Palisadian Teen Receives $36,000 to Benefit “Bored of Boredom”
By STEVE GALLUZZO | Sports Editor
Hope Shinderman has always had a heart for giving.
Recently, in recognition of her vision and dedication, the Palisadian received the 2021 Diller Teen Tikkun Olam Award, a program of the Helen Diller Family Foundation, and received $36,000 to support her work or further her education alongside 14 other Jewish teens.
As Angelenos grappled with school closures during the pandemic, many students from marginalized communities were being left behind. In an effort to combat the problem, Shinderman founded Bored of Boredom to provide online academic and extracurricular support for students suffering learning losses in the midst of COVID-19.
Many participants are neurodiverse, ESL students or from under-resourced communities. Bored of Boredom has mobilized more than 900 volunteers to serve 2,000 students in preschool through 12th grade around the world with virtual group classes on traditional and unique topics, an ESL program, social justice courses, and individual tutoring.
It has community partnerships in the United States, as well as in China and Central America, and has raised money to support increased technology access to help bridge the digital divide. The organization has begun training a new leadership team to ensure Bored of Boredom’s continued success.

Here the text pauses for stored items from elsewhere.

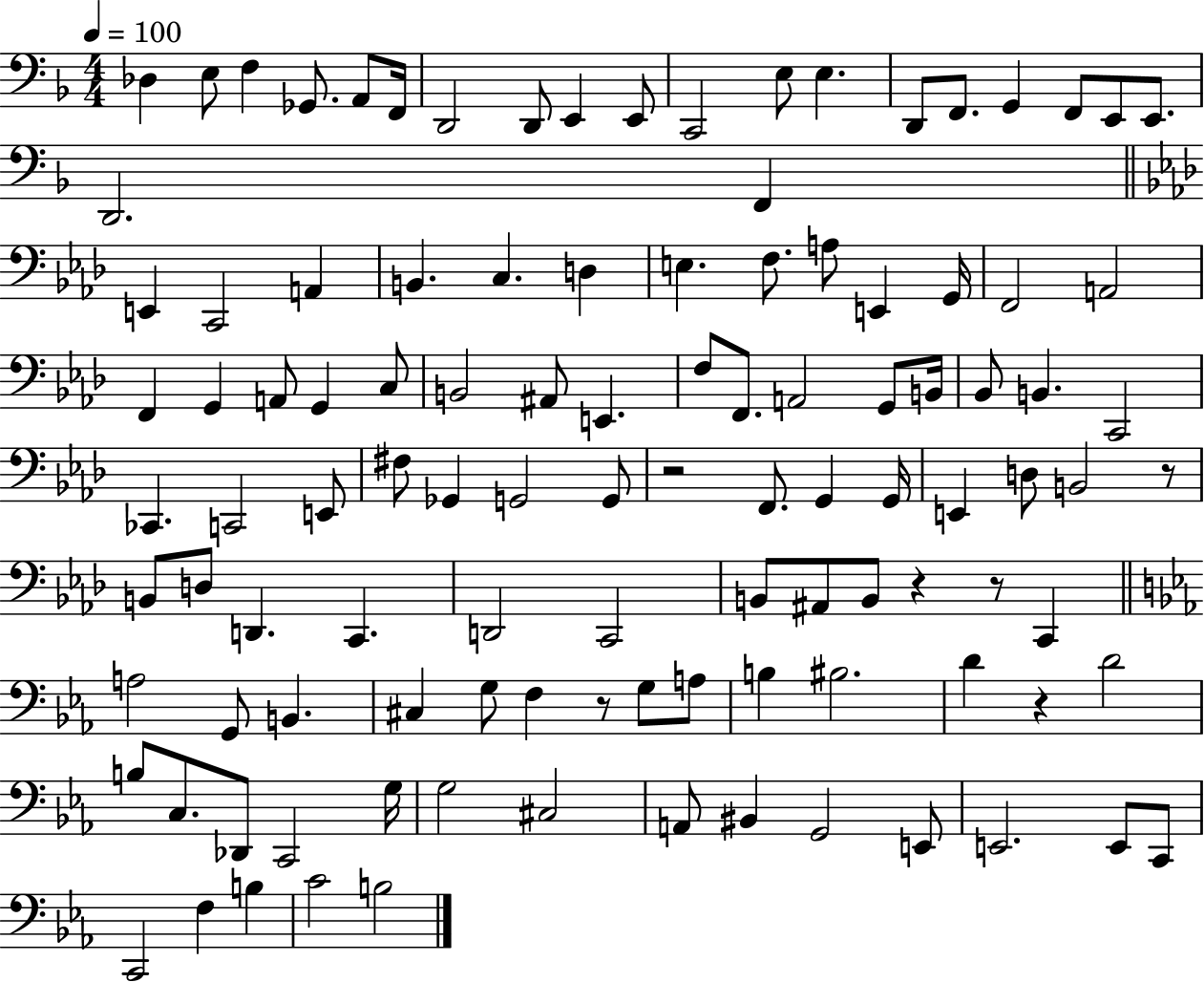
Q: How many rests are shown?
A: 6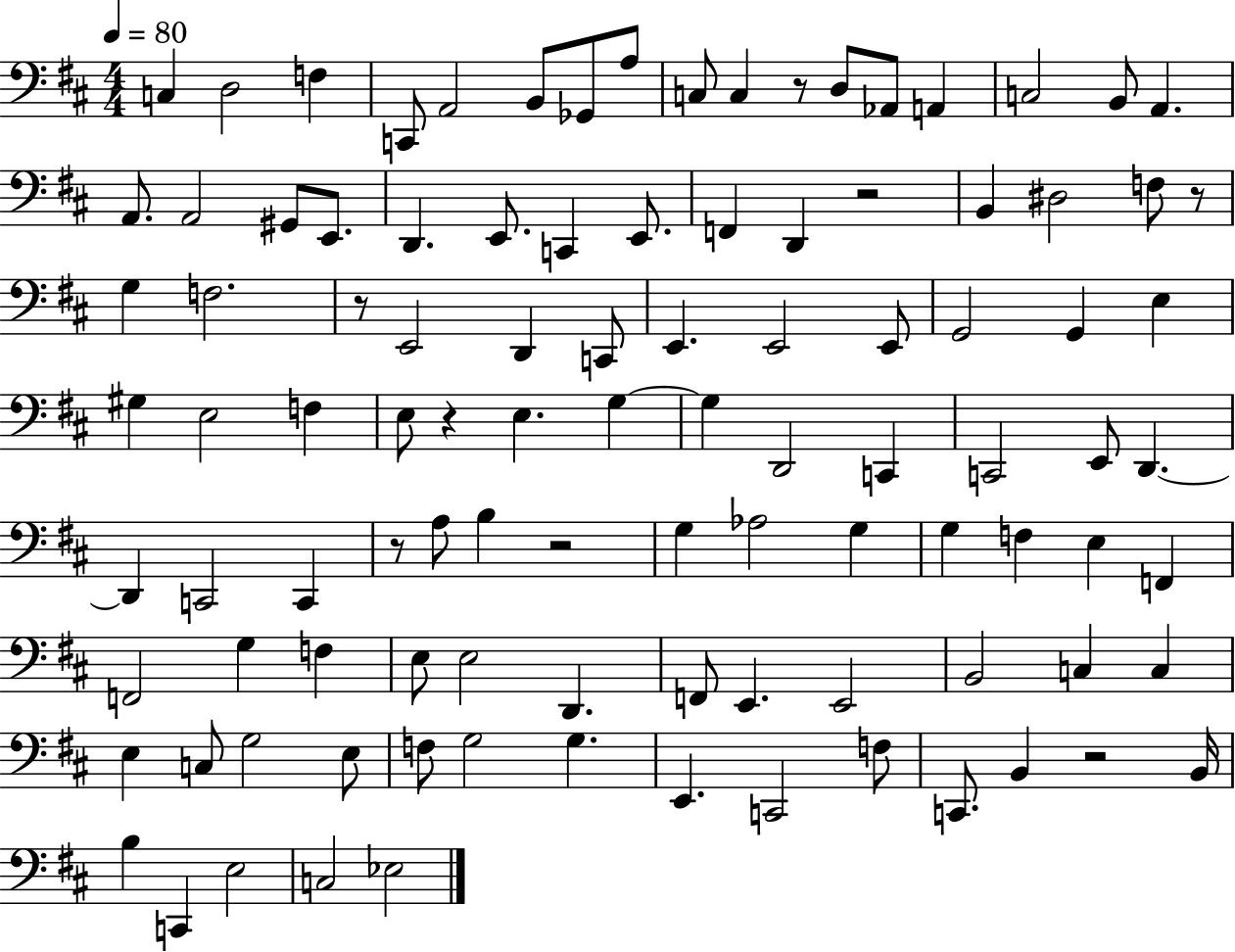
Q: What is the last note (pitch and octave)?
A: Eb3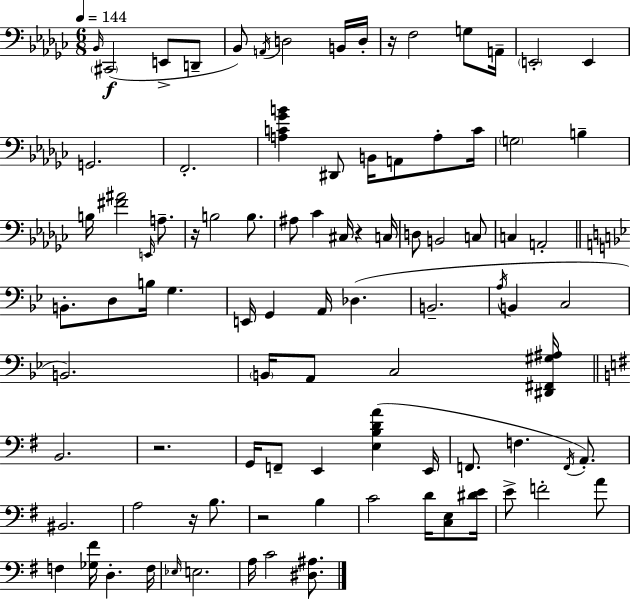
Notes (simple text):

Bb2/s C#2/h E2/e D2/e Bb2/e A2/s D3/h B2/s D3/s R/s F3/h G3/e A2/s E2/h E2/q G2/h. F2/h. [A3,C4,Gb4,B4]/q D#2/e B2/s A2/e A3/e C4/s G3/h B3/q B3/s [F#4,A#4]/h E2/s A3/e. R/s B3/h B3/e. A#3/e CES4/q C#3/s R/q C3/s D3/e B2/h C3/e C3/q A2/h B2/e. D3/e B3/s G3/q. E2/s G2/q A2/s Db3/q. B2/h. A3/s B2/q C3/h B2/h. B2/s A2/e C3/h [D#2,F#2,G#3,A#3]/s B2/h. R/h. G2/s F2/e E2/q [E3,B3,D4,A4]/q E2/s F2/e. F3/q. F2/s A2/e. BIS2/h. A3/h R/s B3/e. R/h B3/q C4/h D4/s [C3,E3]/e [D#4,E4]/s E4/e F4/h A4/e F3/q [Gb3,F#4]/s D3/q. F3/s Eb3/s E3/h. A3/s C4/h [D#3,A#3]/e.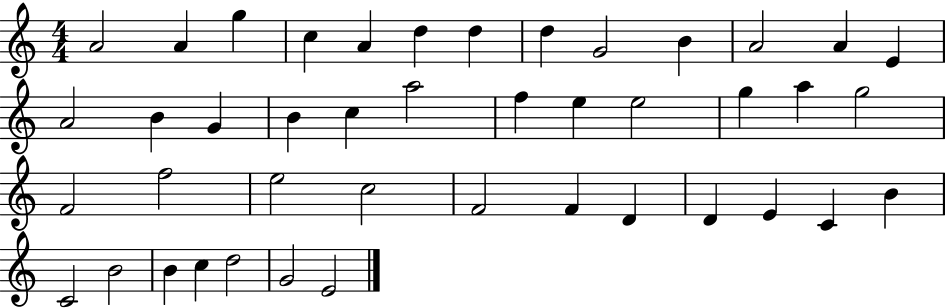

Bored for Boredom held its first-ever STEM Bowl via Zoom on June 19, a quiz-style contest designed for elementary schoolers (grades one through five). The organization also hosted an Environmental Showcase through Zoom on July 10. The showcase consisted of work from BoB students and tutors.
“I absolutely love to learn,” Shinderman said on the BoB website. “I particularly enjoy studying the humanities, engaging with subjects like philosophy, literature and political science to analyze the ways in which society has progressed morally and intellectually. In my free time, I love to listen to punk rock music, read theory and fiction, experiment with vegetarian cooking, and make punk rock accessories, like patches and jewelry.”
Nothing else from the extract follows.